INDICATIONS AND USAGE

LuciVadadu is a hypoxia-inducible factor prolyl hydroxylase (HIF PH) inhibitor indicated for the treatment of anemia due to chronic kidney disease (CKD) in adults who have been receiving dialysis for at least three months.

Limitations of Use

Not been shown to improve quality of life, fatigue, or patient well-being.

Not indicated for use:  

• As a substitute for transfusion in patients requiring immediate correction of anemia.

• In patients with anemia due to CKD not on dialysis.

DOSAGE AND ADMINISTRATION

• Recommended starting dose is 300 mg orally once daily, with or without food.

• Monitor hemoglobin levels when initiating or adjusting dose and then monthly.  

• Increase the dose no more frequently than once every 4 weeks. Decreases in dose can occur more frequently.

• Adjust dose in increments of 150 mg to achieve or maintain hemoglobin levels of 10 g/dL to 11 g/dL. Doses may range from 150 mg to a maximum of 600 mg.

DOSAGE FORMS AND STRENGTHS

Tablets: 150 mg×60 tablets

CONTRAINDICATIONS

• Known hypersensitivity to LuciVadadu or any of its components

• Uncontrolled hypertension

WARNINGS AND PRECAUTIONS

• Hepatotoxicity: Has been reported in patients taking LuciVadadu. Measure ALT, AST and bilirubin prior to the initiation of LuciVadadu, monthly after initiation for the first 6 months, then as clinically indicated.  Discontinue LuciVadadu if ALT or AST is persistently elevated or accompanied by elevated bilirubin.   

• Hypertension: Worsening hypertension, including hypertensive crisis may occur. Monitor blood pressure. Adjust anti-hypertensive therapy as needed.

• Seizures: Seizures have occurred in patients with CKD taking LuciVadadu.  Monitor for new-onset seizures, premonitory symptoms, or change in seizure frequency.

• Gastrointestinal Erosion: Gastric or esophageal erosions and gastrointestinal bleeding have been reported.

• Malignancy: May have unfavorable effects on cancer growth.
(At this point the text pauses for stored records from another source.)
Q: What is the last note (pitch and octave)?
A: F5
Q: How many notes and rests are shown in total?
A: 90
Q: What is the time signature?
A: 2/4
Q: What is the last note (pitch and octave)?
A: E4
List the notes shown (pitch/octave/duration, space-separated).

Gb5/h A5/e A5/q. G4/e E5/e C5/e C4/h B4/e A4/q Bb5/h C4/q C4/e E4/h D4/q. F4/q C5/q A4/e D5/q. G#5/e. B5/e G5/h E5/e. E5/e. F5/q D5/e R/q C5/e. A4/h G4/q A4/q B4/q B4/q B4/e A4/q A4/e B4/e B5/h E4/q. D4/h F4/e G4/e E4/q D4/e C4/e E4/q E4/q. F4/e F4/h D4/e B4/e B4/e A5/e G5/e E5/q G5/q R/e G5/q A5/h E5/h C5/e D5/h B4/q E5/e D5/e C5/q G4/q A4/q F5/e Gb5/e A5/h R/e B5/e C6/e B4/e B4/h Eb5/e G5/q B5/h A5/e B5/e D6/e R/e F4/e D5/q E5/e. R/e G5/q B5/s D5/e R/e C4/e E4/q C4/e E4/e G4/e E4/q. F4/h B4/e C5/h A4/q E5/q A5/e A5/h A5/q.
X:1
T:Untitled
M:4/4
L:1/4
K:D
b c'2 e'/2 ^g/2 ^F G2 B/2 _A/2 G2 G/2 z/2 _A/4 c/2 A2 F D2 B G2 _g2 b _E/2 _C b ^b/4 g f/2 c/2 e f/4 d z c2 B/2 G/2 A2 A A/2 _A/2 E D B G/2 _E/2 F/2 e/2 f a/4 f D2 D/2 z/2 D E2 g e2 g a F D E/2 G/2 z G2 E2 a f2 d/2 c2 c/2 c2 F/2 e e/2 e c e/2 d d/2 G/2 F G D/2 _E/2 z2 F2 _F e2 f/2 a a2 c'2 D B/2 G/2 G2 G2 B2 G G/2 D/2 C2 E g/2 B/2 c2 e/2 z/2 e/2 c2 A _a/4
Not recommended if active malignancy.

ADVERSE REACTIONS

The most common adverse reactions (occurring at ≥ 10%) were hypertension and diarrhea.

DRUG INTERACTIONS

• Iron supplements and iron-containing phosphate binders: Administer LuciVadadu at least 1 hour before products containing iron.

• Non-iron-containing phosphate binders: Administer LuciVadadu at least 1 hour before or 2 hours after non-iron-containing phosphate binders.

• BCRP substrates: Monitor for signs of substrate adverse reactions and consider substrate dose reduction.

• Statins: Monitor for statin-related adverse reactions.

USE IN SPECIFIC POPULATIONS

• Pregnancy: May cause fetal harm.

• Lactation: Breastfeeding not recommended until two days after the final dose.

• Hepatic Impairment: Not recommended for use in patients with cirrhosis or active, acute liver disease.

Storage

Store at 20°C to 25°C (68°F to 77°F), excursions permitted between 15°C and 30°C (59°F and 86°F) [see USP Controlled Room Temperature]. Protect from moisture.